--- Material for this exercise ---

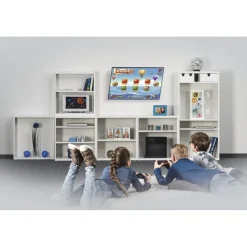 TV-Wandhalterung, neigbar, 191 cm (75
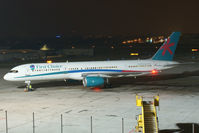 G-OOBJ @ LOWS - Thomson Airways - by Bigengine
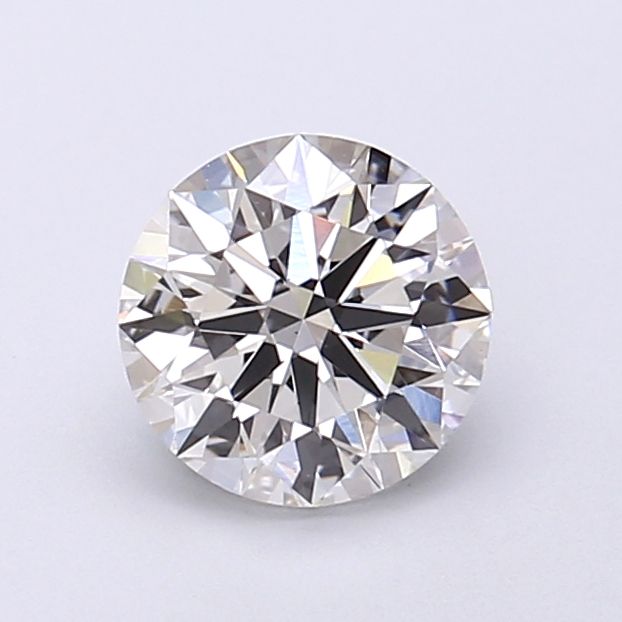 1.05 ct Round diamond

---
--- Material for this exercise ---

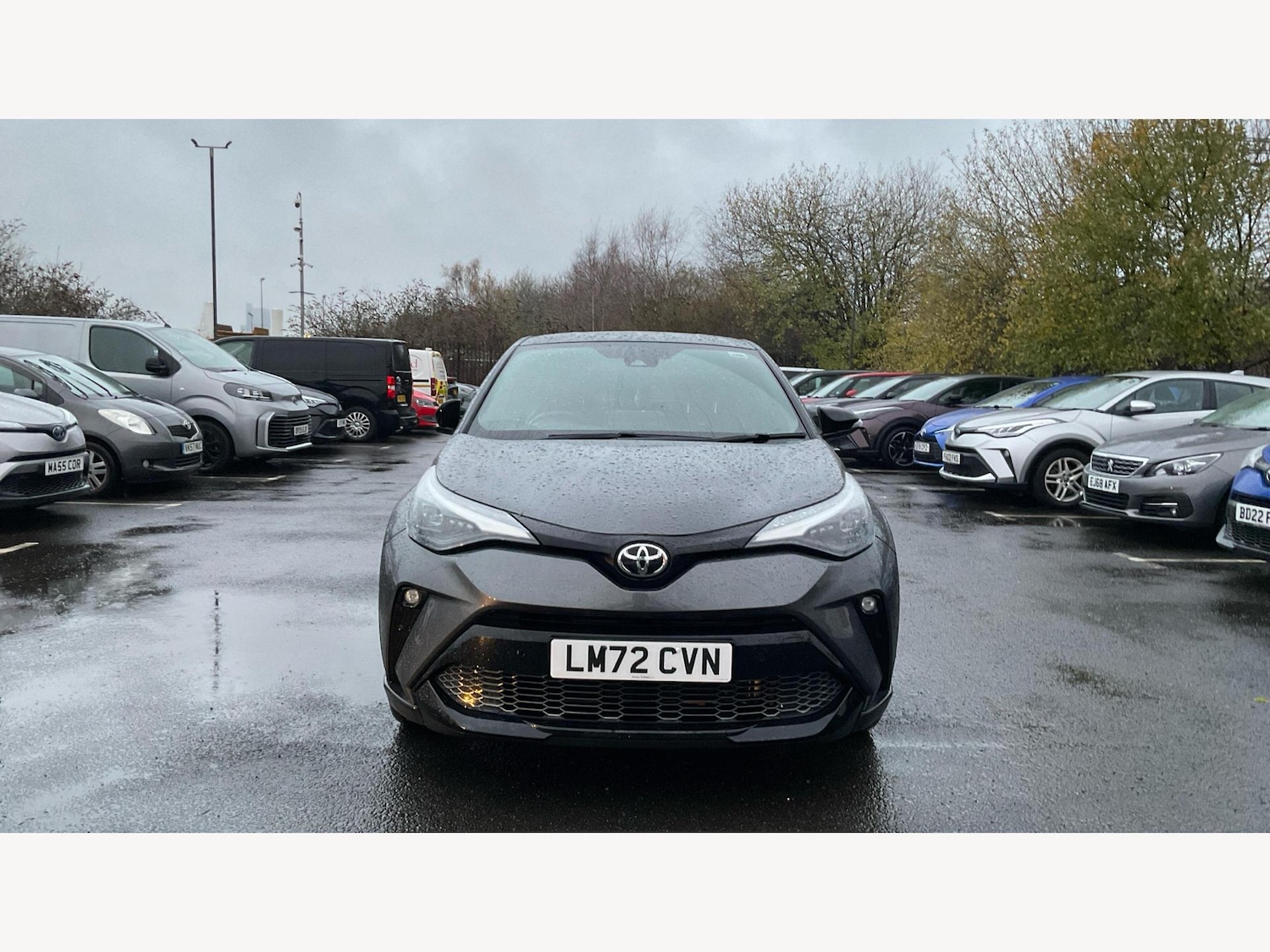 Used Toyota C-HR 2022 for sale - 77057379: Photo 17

---

▶ **What this task involves**
A clean copy is needed of the lines above from the one with "TV-Wandhalterung, neigbar, 191 cm (75" up to and including the one with "1.05 ct Round diamond". Please set it down exactly, with no pictures.

▶ **Your response**
 TV-Wandhalterung, neigbar, 191 cm (75
 G-OOBJ @ LOWS - Thomson Airways - by Bigengine
 1.05 ct Round diamond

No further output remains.